Masson C, Hénin D, Hauw J J, Rey A, Raverdy P, Masson M
Service de Neurologie, Hôpital Beaujon, Clichy, France.
Neurology. 1993 Jul;43(7):1329-34. doi: 10.1212/wnl.43.7.1329.
We report seven patients with cranial pachymeningitis of unknown origin in whom the main clinical features were headaches, ataxia, and cranial nerve palsies. CSF showed inflammatory changes. CT and MRI showed thickening of the falx and of the tentorium. The clinical course was chronic. Four patients improved with prednisolone but became steroid-dependent: in two cases, radiotherapy had no lasting improvement and in one, azathioprine permitted a reduction of the corticosteroids. Five patients had biopsy of the tentorium cerebelli or of the temporal dura mater. In two cases, autopsy revealed extensive pachymeningitis without parenchymal changes. In all instances, microscopic examination of the dura mater showed a cellular infiltrate of polymorphic cells; there were no epithelioid granulomas. Review of the literature discloses seven similar cases. We discuss the relationship of these lesions with inflammatory meningeal masses, the focal pachymeningitis of the Tolosa-Hunt syndrome, and multifocal fibrosis.

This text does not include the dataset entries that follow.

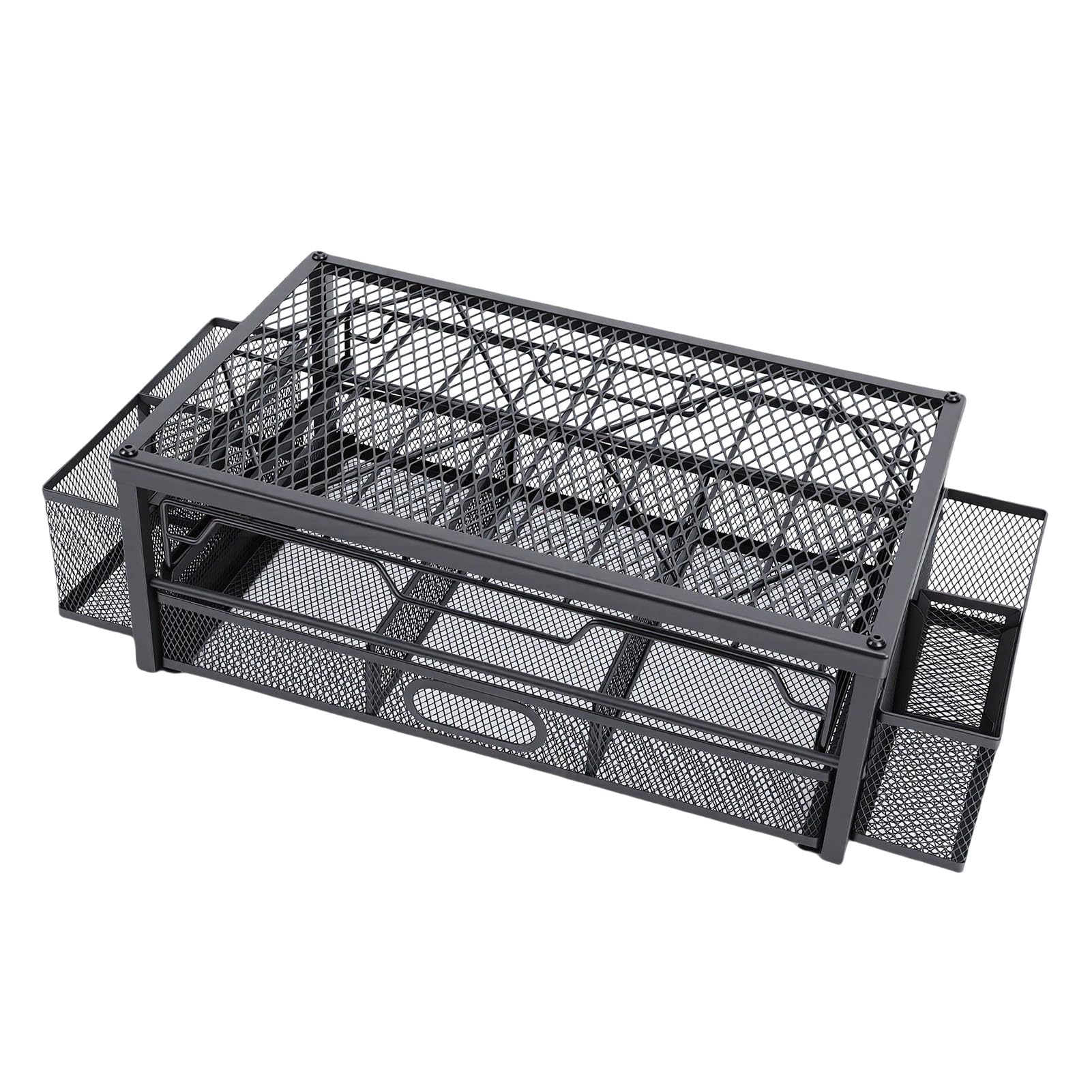 TOPINCN Soporte para Cápsulas de café, Organizador de 2 Niveles con Cajones Extraíbles y Base Antideslizante para Estación de café (hueco)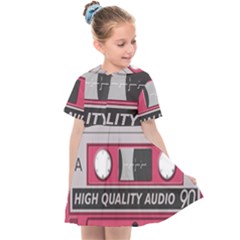 Pink Cassette Kids  Sailor Dress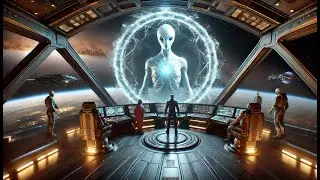 Lost in Space Beyond Stars: Humanity's First Contact with Crystalline Aliens | EPIC HFY SCI-FI STORY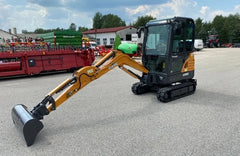 CASE CX18C + 3 LÖCHER Minibagger 2019 1,9 t
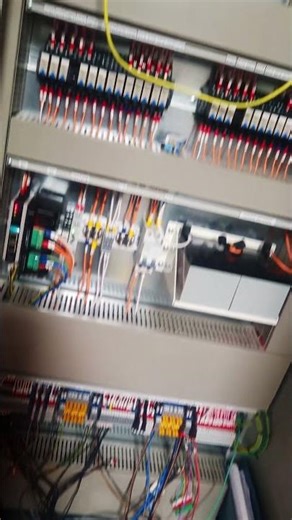 Electrical control panel testing ⚡️ #automation #electricalengineering #controlpanel #testing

我们报告了7例病因不明的颅骨硬脑膜炎患者,其主要临床特征为头痛、共济失调和颅神经麻痹。脑脊液显示有炎症改变。CT和MRI显示大脑镰和小脑幕增厚。临床病程为慢性。4例患者使用泼尼松龙后病情改善,但出现了类固醇依赖:2例患者放疗后无持久改善,1例患者使用硫唑嘌呤后可减少皮质类固醇用量。5例患者对小脑幕或颞部硬脑膜进行了活检。2例患者尸检显示广泛硬脑膜炎,无实质改变。在所有病例中,硬脑膜的显微镜检查显示有多形细胞的细胞浸润;无上皮样肉芽肿。文献回顾发现7例类似病例。我们讨论了这些病变与炎性脑膜肿块、托洛萨-亨特综合征的局限性硬脑膜炎以及多灶性纤维化的关系。